It will be appreciated that the fibers of the present invention which form the batt are preferably non-woven and preferably made from 100 percent synthetics, preferably, nylon, polyester or polyphenylene sulfide. Most preferably, the fibers are made from a nylon selected from the group consisting of nylon 6, nylon 6,6, nylon 6,10, nylon 6,12, nylon 11, nylon 12, copolymers thereof, and blends thereof. Furthermore, the batt or assembly of fibers preferably contains from about 20 percent to 100 percent fibers having a deep grooved configuration, with 0 to about 80 percent being conventional round fibers. More preferably, the assembly of fibers will contain from about 40 to 100 percent fibers having a deep grooved configuration and from 0 to about 60 percent round fibers. Most preferably, the assembly of fibers will contain at least 50 percent fibers having a deep grooved configuration. Thus, a mixture of round and deep grooved fibers can be utilized.
The fibers having a deep grooved configuration are preferably extruded as is well known in the art using uniquely designed spinnerettes. The spinnerettes have orifices of essentially the same cross-sectional configuration to be provided the fibers. After extrusion and quenching, the fibers may be drawn and/or relaxed through a water bath, heated rollers, and/or an oven. The fibers may then be crimped as is known in the art, preferably in a stufferbox, and typically cured. The fibers may also be drawn through a draw bath and are typically cured in an oven.
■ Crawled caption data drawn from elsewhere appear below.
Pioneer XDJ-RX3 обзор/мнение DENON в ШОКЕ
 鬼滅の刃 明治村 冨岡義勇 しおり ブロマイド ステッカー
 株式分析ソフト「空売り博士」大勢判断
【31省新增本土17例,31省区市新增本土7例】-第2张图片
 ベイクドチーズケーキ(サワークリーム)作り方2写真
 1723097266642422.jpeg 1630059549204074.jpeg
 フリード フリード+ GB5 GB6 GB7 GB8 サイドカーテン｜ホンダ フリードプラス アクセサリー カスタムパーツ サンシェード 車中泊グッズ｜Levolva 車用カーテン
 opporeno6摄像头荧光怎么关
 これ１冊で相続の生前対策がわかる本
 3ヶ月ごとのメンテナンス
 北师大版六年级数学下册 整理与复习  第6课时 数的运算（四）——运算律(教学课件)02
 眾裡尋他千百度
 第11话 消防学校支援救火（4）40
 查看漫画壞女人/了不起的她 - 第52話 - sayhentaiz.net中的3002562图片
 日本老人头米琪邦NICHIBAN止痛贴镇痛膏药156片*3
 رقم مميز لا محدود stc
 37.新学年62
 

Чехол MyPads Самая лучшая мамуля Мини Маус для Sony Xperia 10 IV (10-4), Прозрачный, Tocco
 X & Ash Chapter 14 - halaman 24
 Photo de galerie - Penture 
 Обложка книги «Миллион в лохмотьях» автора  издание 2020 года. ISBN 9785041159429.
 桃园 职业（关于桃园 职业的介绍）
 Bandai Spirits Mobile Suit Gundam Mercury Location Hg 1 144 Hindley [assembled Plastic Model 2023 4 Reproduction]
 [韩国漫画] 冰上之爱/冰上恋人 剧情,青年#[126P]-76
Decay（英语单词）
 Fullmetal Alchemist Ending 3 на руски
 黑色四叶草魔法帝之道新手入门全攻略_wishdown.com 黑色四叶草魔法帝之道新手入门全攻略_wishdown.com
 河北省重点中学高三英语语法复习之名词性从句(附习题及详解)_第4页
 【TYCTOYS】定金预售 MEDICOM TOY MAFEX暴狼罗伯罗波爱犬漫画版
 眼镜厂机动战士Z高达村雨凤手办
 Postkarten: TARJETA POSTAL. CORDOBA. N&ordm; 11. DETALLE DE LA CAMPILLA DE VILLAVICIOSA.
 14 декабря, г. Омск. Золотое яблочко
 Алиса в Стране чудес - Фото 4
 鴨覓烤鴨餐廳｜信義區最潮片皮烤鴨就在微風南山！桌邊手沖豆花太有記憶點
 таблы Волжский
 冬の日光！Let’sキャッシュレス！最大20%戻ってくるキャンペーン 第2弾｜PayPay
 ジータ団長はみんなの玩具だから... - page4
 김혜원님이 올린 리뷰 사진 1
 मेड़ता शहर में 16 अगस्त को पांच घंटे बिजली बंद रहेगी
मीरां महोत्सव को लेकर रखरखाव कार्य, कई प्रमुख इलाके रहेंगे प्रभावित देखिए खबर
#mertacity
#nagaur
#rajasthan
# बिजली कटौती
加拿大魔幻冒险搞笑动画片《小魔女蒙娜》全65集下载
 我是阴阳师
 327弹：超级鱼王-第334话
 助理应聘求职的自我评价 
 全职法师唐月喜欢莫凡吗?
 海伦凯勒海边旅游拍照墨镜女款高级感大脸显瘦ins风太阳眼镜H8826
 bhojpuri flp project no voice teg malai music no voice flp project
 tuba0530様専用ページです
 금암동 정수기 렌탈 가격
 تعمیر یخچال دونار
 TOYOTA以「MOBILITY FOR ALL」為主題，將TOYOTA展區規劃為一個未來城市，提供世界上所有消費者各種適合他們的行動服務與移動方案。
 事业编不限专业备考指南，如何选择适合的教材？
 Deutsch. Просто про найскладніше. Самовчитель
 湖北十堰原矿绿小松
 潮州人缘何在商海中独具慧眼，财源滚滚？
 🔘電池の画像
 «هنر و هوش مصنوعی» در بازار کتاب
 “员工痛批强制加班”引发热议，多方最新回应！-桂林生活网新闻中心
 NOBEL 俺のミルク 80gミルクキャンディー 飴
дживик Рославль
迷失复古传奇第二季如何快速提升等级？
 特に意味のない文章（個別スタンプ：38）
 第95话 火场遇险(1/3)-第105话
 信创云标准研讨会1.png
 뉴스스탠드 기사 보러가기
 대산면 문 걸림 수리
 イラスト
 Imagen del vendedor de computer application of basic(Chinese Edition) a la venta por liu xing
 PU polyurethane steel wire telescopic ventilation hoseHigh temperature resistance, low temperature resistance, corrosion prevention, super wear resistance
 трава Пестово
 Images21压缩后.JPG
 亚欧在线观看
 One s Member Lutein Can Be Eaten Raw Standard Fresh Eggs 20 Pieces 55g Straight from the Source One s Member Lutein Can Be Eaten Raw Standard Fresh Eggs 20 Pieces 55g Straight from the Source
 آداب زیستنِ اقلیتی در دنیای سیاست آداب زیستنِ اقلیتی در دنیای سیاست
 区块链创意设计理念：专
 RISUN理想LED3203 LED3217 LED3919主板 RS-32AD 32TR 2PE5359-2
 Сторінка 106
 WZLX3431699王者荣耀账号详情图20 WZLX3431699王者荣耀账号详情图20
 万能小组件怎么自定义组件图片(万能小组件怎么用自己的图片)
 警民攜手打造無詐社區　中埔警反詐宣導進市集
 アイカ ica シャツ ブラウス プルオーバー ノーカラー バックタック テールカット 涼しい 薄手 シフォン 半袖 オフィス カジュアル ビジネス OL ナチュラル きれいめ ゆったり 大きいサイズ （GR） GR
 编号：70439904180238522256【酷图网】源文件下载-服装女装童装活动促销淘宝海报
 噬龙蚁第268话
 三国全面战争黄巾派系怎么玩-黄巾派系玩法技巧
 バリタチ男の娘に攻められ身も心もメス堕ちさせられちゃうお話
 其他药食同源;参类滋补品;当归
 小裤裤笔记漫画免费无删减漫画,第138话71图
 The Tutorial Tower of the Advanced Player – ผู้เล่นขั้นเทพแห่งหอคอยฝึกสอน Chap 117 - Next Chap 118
In a preferred embodiment, the fibers having a deep groove configuration are coated with a hydrophilic finish. As noted hereinabove, the spontaneous transportation of water or other liquids on the surface of these fibers is maximized as the angle θ decreases. A hydrophilic finish is believed to further aid in the spontaneous transport of liquids.
The hydrophilic finish may be permanent or non permanent. Examples of a permanent hydrophilic finishing composition is available from ICI Surfactants under the tradenames “Milease” and “Raycalube”. These hydrophilic copolymers are often used as hydrophilic lubricants. It is believed other permanent finishes are also suitable for this invention. Non permanent hydrophilic finishing compositions include fatty acid esters and ethoxylated derivatives thereof. ICI Surfactants also provides one such suitable fatty acid ester under the trade designation TL1962.
The hydrophilic finish may be applied to the deep-grooved fibers during any of a number of different steps of the production process. For example, the finish may be applied in the draw bath given the fibers. Typically, the fibers are first quenched with air and then drawn and textured. As another alternative, the finish may be applied in the stufferbox during the crimping process. Commonly, the finish is sprayed onto the fibers at the stufferbox and then sent to the oven where the finish is cured with steam or hot air. As yet another alternative, the non-permanent finish may be applied directly to the fibers after they come out of the oven.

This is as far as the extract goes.